# Mrs. Butterworth Bottles - Value



## Jhebel

I have a collection of 10 Mrs. Butterworth's bottles that I have acquired.  Attached are the three variations that I have - the two different label designs and the label less.  I paid a grand total of $3 for them all at a yard sale, and I was wondering if anyone had any idea what they are worth, because I certainly do not.


----------



## RED Matthews

Well Jebel  I worked on a lot of those mold making models, because Thatcher Glass was a big supplier..  We had a hell of a time satisfying the customer with the face and details that would make them happy.  No doubt, there sh0ulld be some evidence of Thatcher Glass on the bottom or around the heal. I I ave four or five of them up north.  I was an application engineer in the companies Central Mold at Elmira NY.    Please check the embossing - and let me know what you find.  I doubt that they have much value, but they were a SoB to satisfy the management.   We made a few thousand of them, I am sure.  I don't remember which plants made them, the embossing should tell.  Streator Illiinois was one, Elmire NY another.  I don't remember where else.   In todays bottle world they are figural - but they are also ABM products.  They were made on the Hartford I-S machine = and run double gob - if I remember right.  After I left Thatchers, I traveled the world selling special metal castings for all kinds of glass making.   RED Matthews


----------



## sunrunner

as red said not worth any more then you paid.


----------



## Jhebel

The bottles say that they were made by the Lever Brothers Company, in NY, NY.  There is also a coupon on one of the bottles that reads:Bonus Gifts -VALUE: Worth 5 trading stamps (of 9/10 cent) when redeemed as part of a full BONUS GIFTS order. Does not reduce product's retail price.CONDITIONS: Redemptions limited by local law (e.g. only cash in Wash., Wis., Wyo.).  Void where prohibited (e.g. Kans.).  Expires Dec. 31, 1976. BONUS GIFTS, INC., 1972 DANBURY CT. 06810. I don't know if this is the information that you need.


----------



## sunrunner

Lever Brothers were like proctor and gambols a big distribution company .The bottles them selves were not made by  them. But anyway , hold on to them in 10 or15 years they may have some historic significants.


----------



## andy volkerts

Hello. In my opinion they may be worth what you paid for them, BUT if you like them, at $3.00 you certainly didn't get hurt, it is always in the eyes of the guy who likes the item.......Andy


----------



## cobaltbot

There's a green Aunt Jemima or Mrs.
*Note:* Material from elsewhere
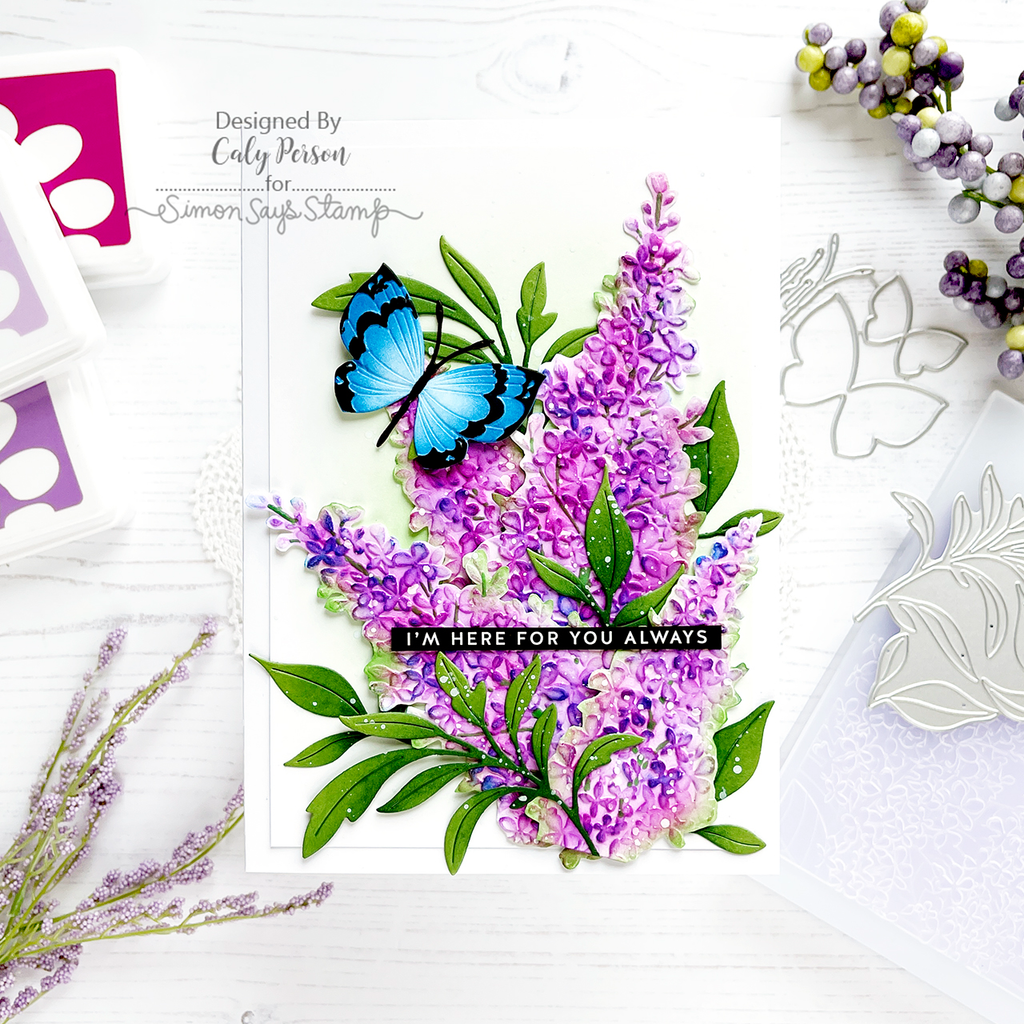 Simon Says Stamp Embossing Folder Lilac Clusters sf323 Out Of This World Here for You Card | color-code:ALT04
Butter'sworth that's worth $100.00


----------



## glass man

My mom first bought this product in the late 50's or early 60's [60 or 61 not much later]I loved it so much I never wanted any other syrup!!Nope not worth [butter "WORTH"?[]] much..but cool..reminds me of my childhood..still being sold now..in plastic bottle of course.JAMIE


----------



## RED Matthews

I still have three or four that I have in NY.  Examples of different molds we made.  
RED M.


----------